An algebraic number is an algebraic element of the field extension $\C/\Q$.

That is, it is a complex number that is a roots of a polynomial with rational coefficients.

The set of algebraic number can often be seen denoted as $\mathbb A$.

### Degree

Let $\alpha$ be an algebraic number.

By definition, $\alpha$ is the root of at least one polynomial $P_n$ with rational coefficients.

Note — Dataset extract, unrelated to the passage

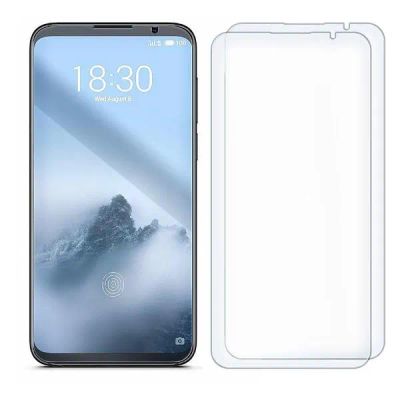 Лот: 24484156. Фото: 1. Защитное стекло Krutoff для Meizu... Защитные стёкла, защитные плёнки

The degree of $\alpha$ is the smallest $n$ such that $n$ is the degree of such a polynomial $P_n$.

## Examples

The algebraic numbers include:

The elements of the set of rational numbers $\Q$, since these are roots of linear polynomials -- see Rational Number is Algebraic
$\sqrt 2$, since it is a root of $x^2 - 2$
$\sqrt [3] {2 + \sqrt 2}$, since it is a root of $x^6 - 4 x^3 + 2$
$\sqrt 3 + \sqrt 2$, since it is a root of $x^4 - 10 x^2 + 1$
$\sqrt [3] 4 - 2 i$, since it is a root of $x^6 + 12 x^4 - 8 x^3 + 48 x^2 + 96 x + 80$
The golden section $\varphi$, since it is a root of $x^2 - x - 1$
The imaginary unit $i$, since it is a root of $x^2 + 1$